This module takes as its input any gzipped file, and has output channels for the decompressed file, and a text file containing the version.
Uses STAR to generate a STAR-formatted genome index from a genome file (in FASTA format) and an annotation file (in GTF format). This genome index is a compressed representation of the information in the previous two files.
The module has output channels for the index file, and a text file containing the version.
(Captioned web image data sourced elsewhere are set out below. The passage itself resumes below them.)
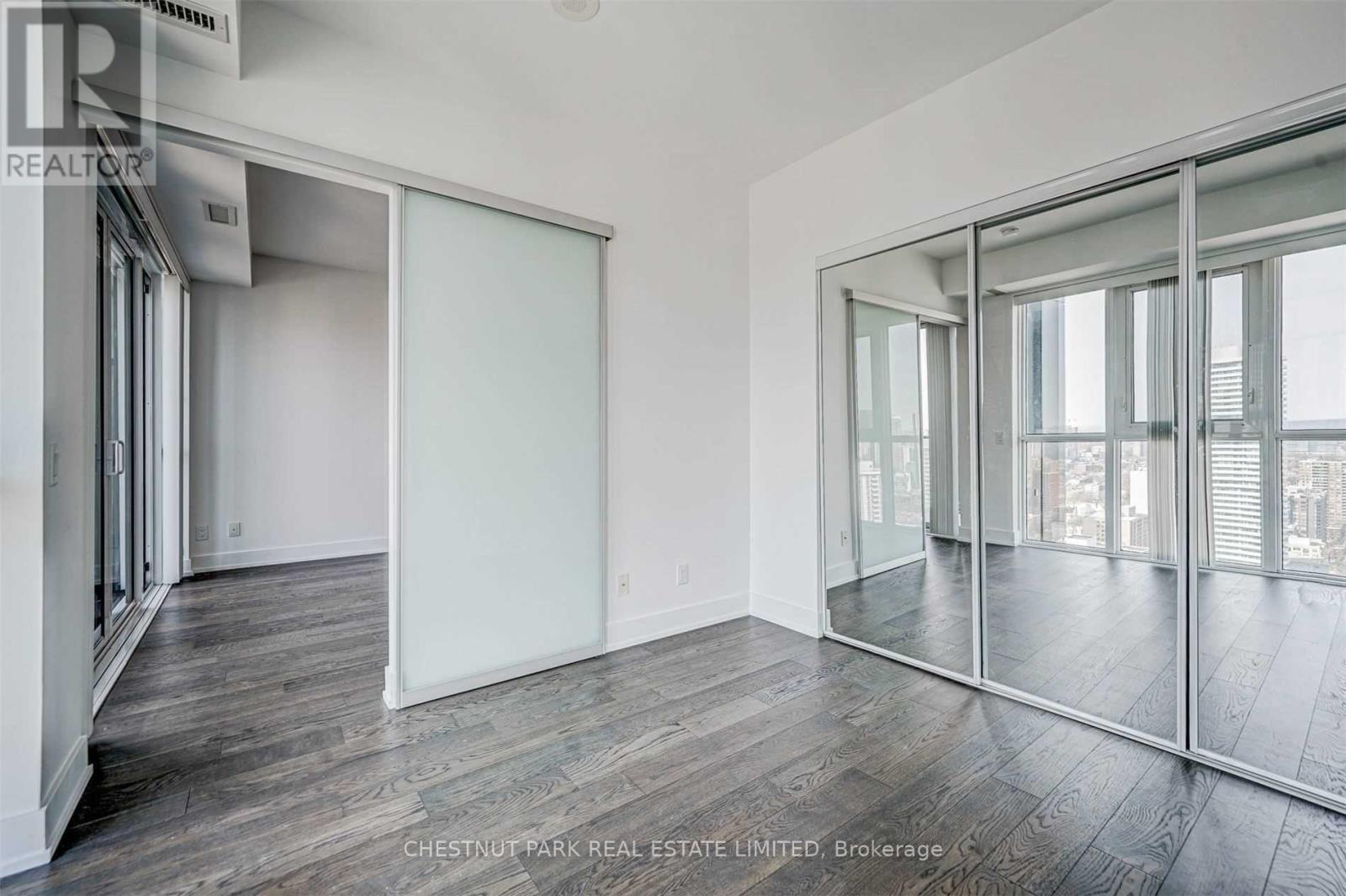 3609 - 7 Grenville Street, Toronto, Ontario  M4Y 0E9 - Photo 19 - C13681438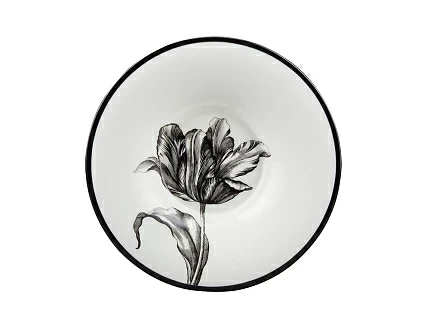 Подарочный набор чашка с блюдцем, форма Юлия рисунок Сысоев. Волшебный сад V арт. 81.30916.00.1 Подарочный набор чашка с блюдцем, форма Юлия рисунок Сысоев. Волшебный сад V арт. 81.30916.00.1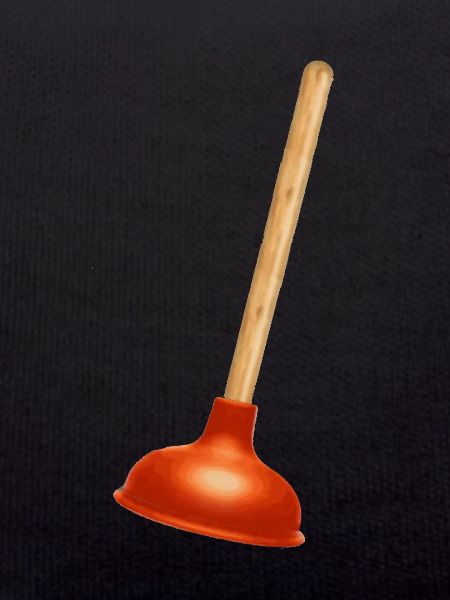 Pömpel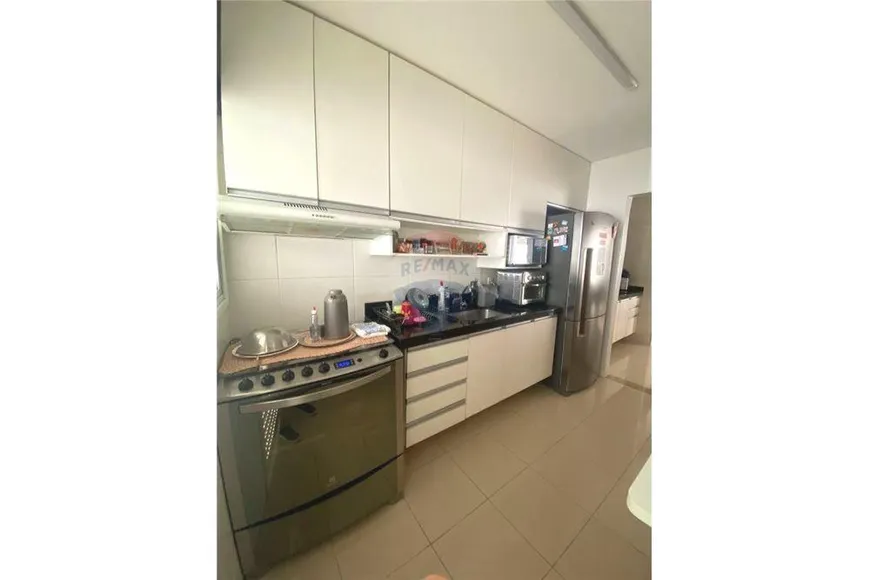 Foto 1 de Casa com 3 Quartos à venda, 133m² em Ribeirão do Lipa, Cuiabá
Takes a genome FASTA file and creates a FAI index from it, with information on the chromosomes it contains. It also has a second output channel for the version.
Runs iCount-Mini segment
on a GTF genome annotation file and the corresponding
FAI index file, to create a segmentation file. The resulting segmentation GTF
file is output, along with a regions file (compressed) and a version file.
This module takes a CSV file describing a multiplexed reads file, and produces a CSV file containing just the barcode information. That is, for each sample it extracts the sample name and the barcode sequence that identifies it, formatted for the needs of Ultraplex. It uses pandas to do this.
A wrapper around the command-line tool Ultraplex, which demultiplexes a reads file into separate reads files based on barcode sequences.
Its inputs are the demultiplexed file (technically a tuple of a 'meta' object with information about the context, and the reads file path) and a barcodes CSV which maps 5' barcodes with sample names. Ultraplex will create a reads file for every barcode that is represented in the multiplexed file, and a reads file for all those which don't match. It also produces a log file.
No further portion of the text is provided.